_REQUIRED WORK_
Within the lines below, the span from the line with "Rirandture(リランドチュール) |〈MARIEBELLEコラボ〉Heart Hair" to the line with "BMW i3 94Ah BEV", both ends included, is to be reproduced exactly, with pictures omitted.

_DATA PROVIDED_
-=-=-=-=-

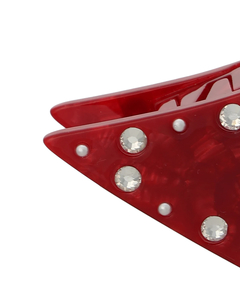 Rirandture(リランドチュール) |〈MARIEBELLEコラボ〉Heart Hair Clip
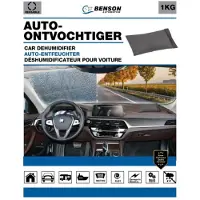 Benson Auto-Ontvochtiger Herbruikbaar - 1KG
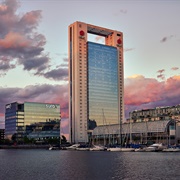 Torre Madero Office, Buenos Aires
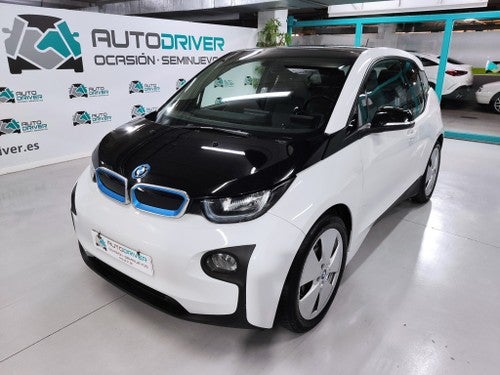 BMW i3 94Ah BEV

-=-=-=-=-

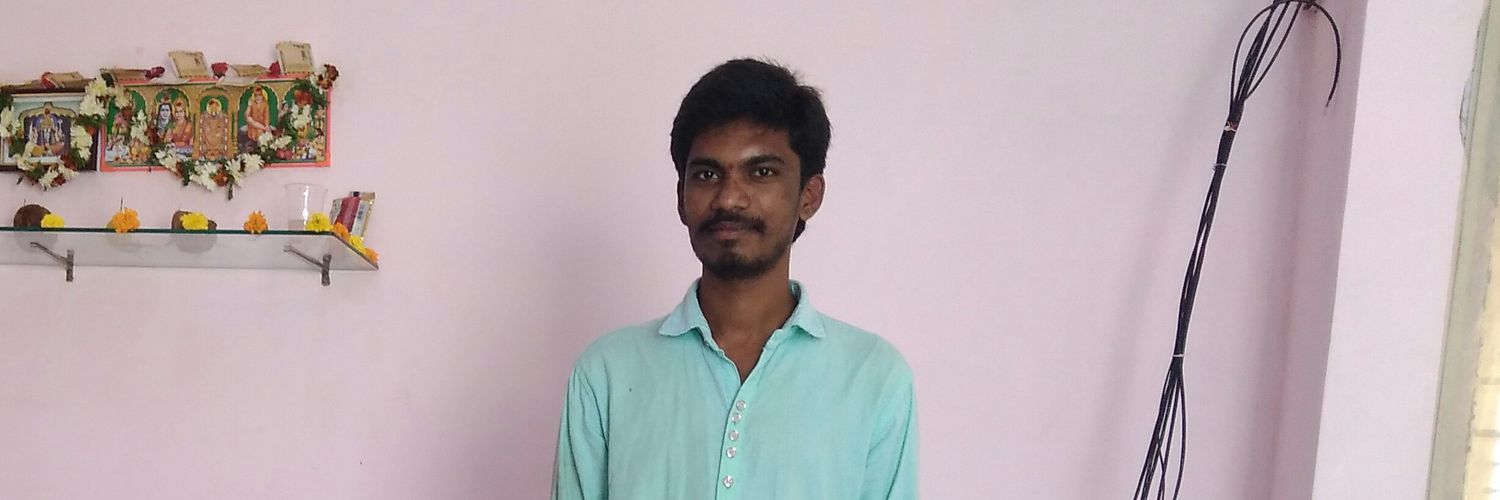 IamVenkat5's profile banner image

-=-=-=-=-

_YOUR RESPONSE_
 Rirandture(リランドチュール) |〈MARIEBELLEコラボ〉Heart Hair Clip
 Benson Auto-Ontvochtiger Herbruikbaar - 1KG
 Torre Madero Office, Buenos Aires
 BMW i3 94Ah BEV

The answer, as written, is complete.